Dunkle Romantik
Otto Modersohn (Werke 1890–92) & Arnulf Rainer
9. November 2019 – 29. März 2020

Die Ausstellung präsentiert ein kurzes, aber entscheidendes Kapitel in Otto Modersohns Entwicklung. Schon als junger Student hatte er das Ziel, das Landschaftsbild mit einer subjektiven Stimmung zu „beseelen“. Im Sommer 1889 traf er zum ersten Mal in Worpswede ein und war begeistert von den „stürmischen Tagen“, den „jagenden Wolken“, dem „dunklen Moor, Hütten, Wasser, Bäumen, wunderbar!“ Sein Ziel war, durch die Landschaft „Ideen“ auszudrücken: das „Lyrische“, das „Feierliche“, das „Geheimnisvolle“, das „Phantastische“.

In der Ausstellung „Dunkle Romantik“ werden Otto Modersohns Landschaften von 1890–92 als eigene Werkgruppe gezeigt. Es sind wohl die stürmischsten, geheimnisvollsten und hintergründigsten Stimmungsbilder, die er je gemalt hat.

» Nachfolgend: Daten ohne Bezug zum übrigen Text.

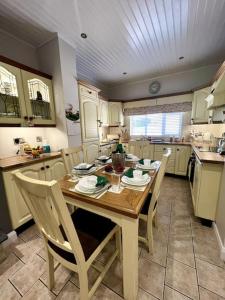 a kitchen with a wooden table and chairs in it at The Myles' Self-Catering Cottage - 4 Stars in Greencastle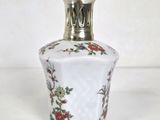 une image représentant une petite bouteille en verre ornée de fleurs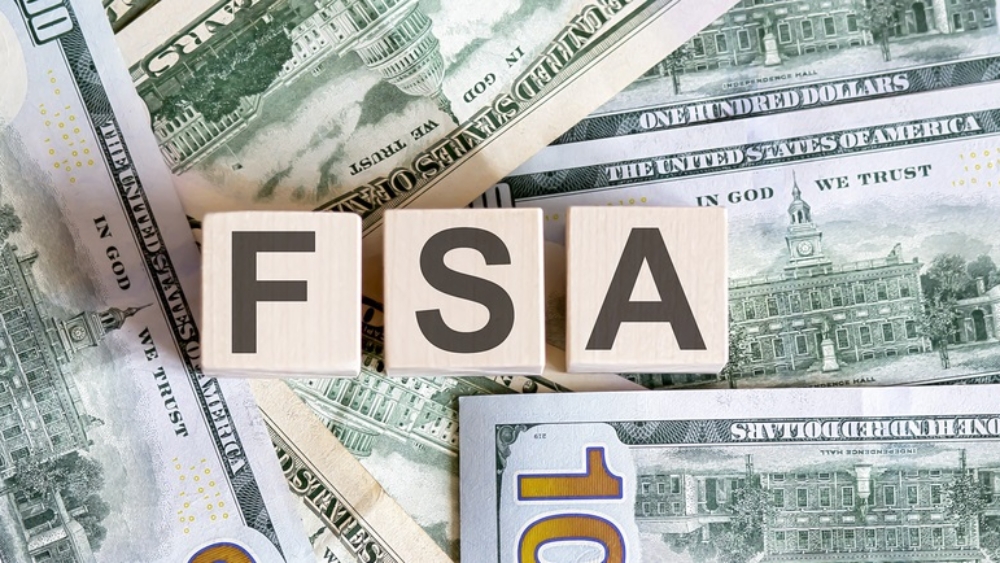 Concept-words-FSA-adjustments-on-wooden-blocks-on-beautiful-background-from-dollar-bills.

Schwärzliche Baumsilhouetten und dunkle Schatten verhindern ein genaues Erkennen, drohende Wolken ziehen über den Betrachter hinweg, in Nebel und Dunst zeigt sich die Landschaft nur schemenhaft.
Die raue Natur in Worpswede, das schwere Leben der Einheimischen, die dunklen Rietdächer, die geisterhaft tanzenden Birkenstämme, aber auch die Ruinen und Hügel von Tecklenburg gaben dem jungen Maler zahlreiche Anregungen für seine eher düsteren Fantasiebilder.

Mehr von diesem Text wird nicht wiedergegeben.